Berlin – Es klingt wie ein schlechter Witz – doch es ist bitterer Ernst vor dem Berliner Landgericht: Ein 38-jähriger Sozialhilfeempfänger steht wegen gewerbsmäßigen Drogenhandels vor Gericht. Der Vorwurf: Er soll über 300.000 Euro für Drogen ausgegeben haben – während er gleichzeitig Bürgergeld kassierte!

Der Mann aus Berlin-Neukölln soll über Jahre ein lukratives Netzwerk aufgebaut haben, mit dem er kiloweise Kokain, Haschisch und Ecstasy in der Hauptstadt vertrieben hat. Die Ermittler gehen davon aus, dass der mutmaßliche Dealer mindestens eine Viertelmillion Euro Umsatz gemacht hat – und das bei offiziell „Hilfsbedürftigkeit“.
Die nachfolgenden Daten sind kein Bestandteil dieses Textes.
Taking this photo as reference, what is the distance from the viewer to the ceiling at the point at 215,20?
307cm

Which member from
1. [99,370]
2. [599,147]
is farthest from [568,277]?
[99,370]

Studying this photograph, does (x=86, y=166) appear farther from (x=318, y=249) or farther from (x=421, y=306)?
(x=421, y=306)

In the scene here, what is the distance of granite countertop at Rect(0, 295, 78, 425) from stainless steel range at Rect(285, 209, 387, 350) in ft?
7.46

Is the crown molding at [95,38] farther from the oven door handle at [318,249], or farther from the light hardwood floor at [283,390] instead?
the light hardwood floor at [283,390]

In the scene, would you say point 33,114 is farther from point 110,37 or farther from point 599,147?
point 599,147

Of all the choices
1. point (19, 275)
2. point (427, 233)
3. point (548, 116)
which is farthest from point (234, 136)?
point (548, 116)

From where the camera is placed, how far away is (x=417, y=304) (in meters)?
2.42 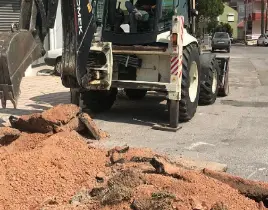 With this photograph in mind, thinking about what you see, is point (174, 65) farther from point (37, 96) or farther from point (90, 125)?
point (37, 96)

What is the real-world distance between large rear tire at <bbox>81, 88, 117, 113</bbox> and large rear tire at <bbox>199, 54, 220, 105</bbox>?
6.67ft

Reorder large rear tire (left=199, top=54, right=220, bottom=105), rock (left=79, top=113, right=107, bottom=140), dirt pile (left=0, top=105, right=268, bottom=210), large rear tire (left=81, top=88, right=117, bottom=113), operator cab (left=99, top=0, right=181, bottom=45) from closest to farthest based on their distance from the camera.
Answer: dirt pile (left=0, top=105, right=268, bottom=210)
rock (left=79, top=113, right=107, bottom=140)
operator cab (left=99, top=0, right=181, bottom=45)
large rear tire (left=81, top=88, right=117, bottom=113)
large rear tire (left=199, top=54, right=220, bottom=105)

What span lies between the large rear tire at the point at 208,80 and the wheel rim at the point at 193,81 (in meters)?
0.85

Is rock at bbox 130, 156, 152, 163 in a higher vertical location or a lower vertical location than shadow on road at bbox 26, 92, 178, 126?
higher

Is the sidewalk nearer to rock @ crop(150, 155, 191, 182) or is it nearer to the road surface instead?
the road surface

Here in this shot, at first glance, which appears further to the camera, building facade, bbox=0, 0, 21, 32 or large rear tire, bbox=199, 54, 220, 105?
building facade, bbox=0, 0, 21, 32

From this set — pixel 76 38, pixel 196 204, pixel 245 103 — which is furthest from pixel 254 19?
pixel 196 204

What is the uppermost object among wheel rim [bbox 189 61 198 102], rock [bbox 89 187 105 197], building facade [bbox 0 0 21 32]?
building facade [bbox 0 0 21 32]

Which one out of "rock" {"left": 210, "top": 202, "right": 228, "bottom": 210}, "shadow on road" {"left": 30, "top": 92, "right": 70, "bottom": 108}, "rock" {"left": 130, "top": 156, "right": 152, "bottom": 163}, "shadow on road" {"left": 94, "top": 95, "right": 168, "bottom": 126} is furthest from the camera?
"shadow on road" {"left": 30, "top": 92, "right": 70, "bottom": 108}

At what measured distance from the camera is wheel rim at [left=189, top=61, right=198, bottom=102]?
9206 mm

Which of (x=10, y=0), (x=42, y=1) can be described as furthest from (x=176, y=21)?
(x=10, y=0)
Besonders dreist: Während der Beschuldigte den Staat schröpfte, fuhr er Luxusautos, lebte in einer Wohnung mit Designermöbeln – und zahlte nie Miete selbst.

Die Staatsanwaltschaft spricht von einem „eiskalt durchorganisierten Geschäftsmodell“, bei dem staatliche Leistungen als Deckmantel für kriminelle Aktivitäten missbraucht wurden. Im Fokus steht nun auch die Frage: Wie konnte das Jobcenter so lange wegsehen?

Kritik kommt prompt aus der Politik: „Dieser Fall ist ein Paradebeispiel für das Versagen unserer Kontrollmechanismen“, so ein FDP-Innenpolitiker. Auch die AfD spricht von einem „sozialstaatlichen Super-GAU“.

Der Prozess läuft – und mit ihm die Diskussion über Kontrollen, Missbrauch und die Glaubwürdigkeit des Sozialstaats.
Wie viele solcher Fälle bleiben unentdeckt?